> _TASK ITEM_: For this exercise, restate every line below word for word and drop the images.

____ THE DATA

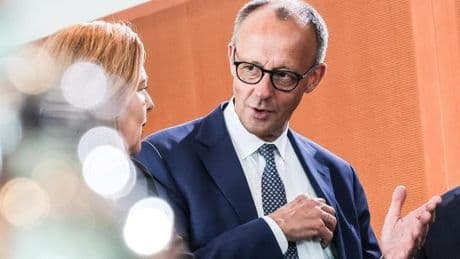 Bullshit-Vorwurf: Bewerfen sich Merz und Bas bald mit Eiern?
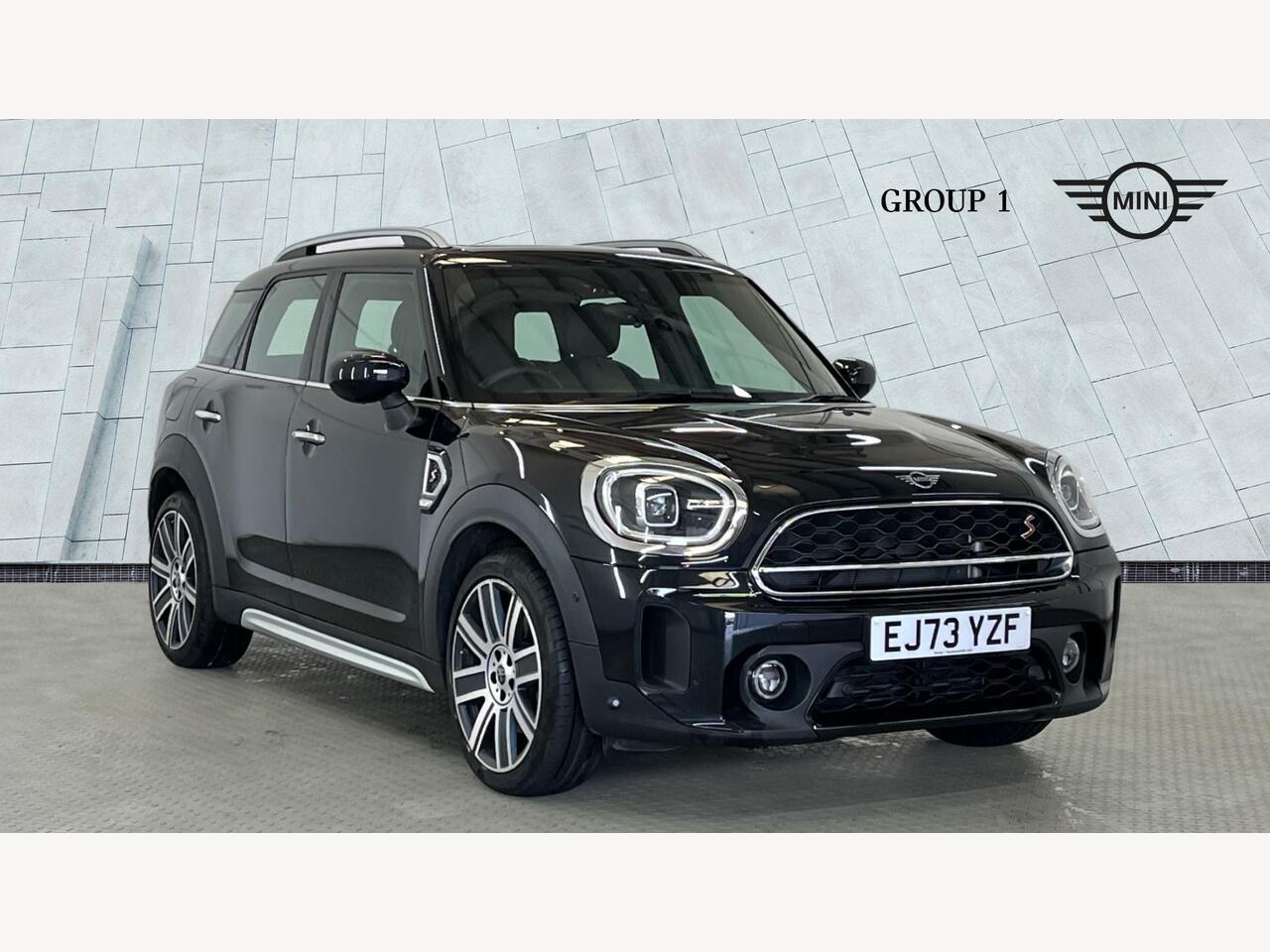 Main listing image - MINI Countryman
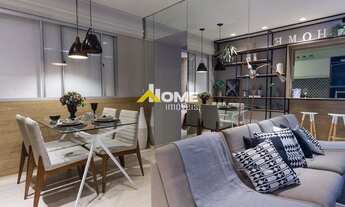 Imagem 3: Apartamento com 2 dormitórios à venda, 48 m² por R$ 227.408,70 - Milionários (Barreiro)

________

> _FINISHED TASK_:
 Bullshit-Vorwurf: Bewerfen sich Merz und Bas bald mit Eiern?
 Main listing image - MINI Countryman
 Imagem 3: Apartamento com 2 dormitórios à venda, 48 m² por R$ 227.408,70 - Milionários (Barreiro)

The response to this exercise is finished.